[Wien] Error in mpi+k point parallelization across multiple nodes
lung Fermin
ferminlung at gmail.com
Mon May 4 05:18:46 CEST 2015
I have tried to set MPI_REMOTE=0 and used 32 cores (on 2 nodes) for
distributing the mpi job. However, the problem still persist... but the
error message looks different this time:
$> cat *.error
Error in LAPW2
** testerror: Error in Parallel LAPW2
and the output on screen:
Warning: no access to tty (Bad file descriptor).
Thus no job control in this shell.
z1-17 z1-17 z1-17 z1-17 z1-17 z1-17 z1-17 z1-17 z1-17 z1-17 z1-17 z1-17
z1-17 z1-17 z1-17 z1-17 z1-18 z1-18 z1-18 z1-18 z1-18 z1-18 z1-18 z1-18
z1-18 z1-18 z1-18 z1-18 z1-18 z1-1
8 z1-18 z1-18
number of processors: 32
LAPW0 END
[16] Failed to dealloc pd (Device or resource busy)
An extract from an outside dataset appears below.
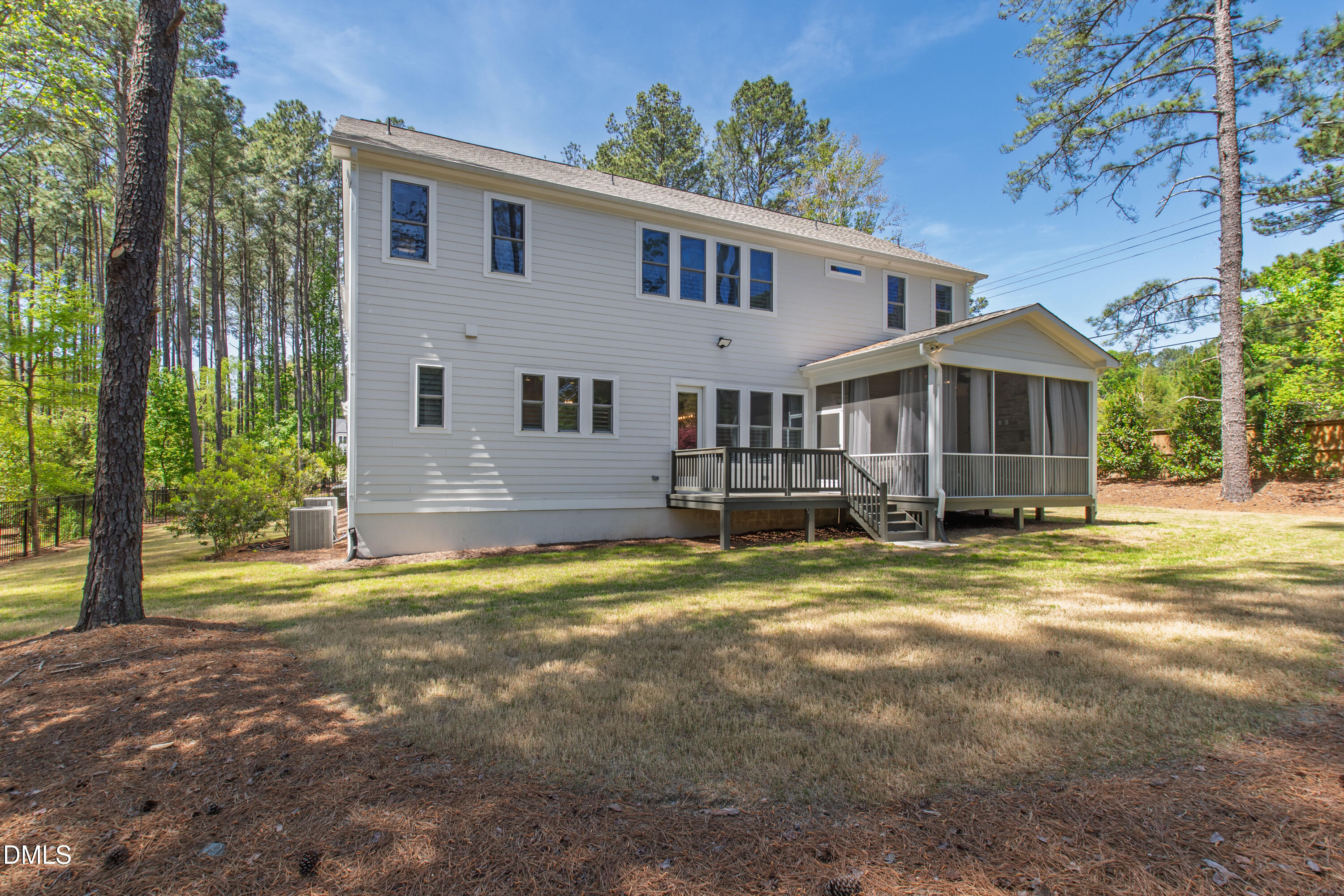 23 Bonterra Way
[0] Failed to dealloc pd (Device or resource busy)
[17] Failed to dealloc pd (Device or resource busy)
[2] Failed to dealloc pd (Device or resource busy)
[18] Failed to dealloc pd (Device or resource busy)
[1] Failed to dealloc pd (Device or resource busy)
LAPW1 END
LAPW2 - FERMI; weighs written
[z1-17:mpispawn_0][child_handler] MPI process (rank: 0, pid: 28291)
terminated with signal 9 -> abort job
[z1-17:mpispawn_0][readline] Unexpected End-Of-File on file descriptor 9.
MPI process died?
[z1-17:mpispawn_0][mtpmi_processops] Error while reading PMI socket. MPI
process died?
[z1-17:mpirun_rsh][process_mpispawn_connection] mpispawn_0 from node z1-17
aborted: Error while reading a PMI socket (4)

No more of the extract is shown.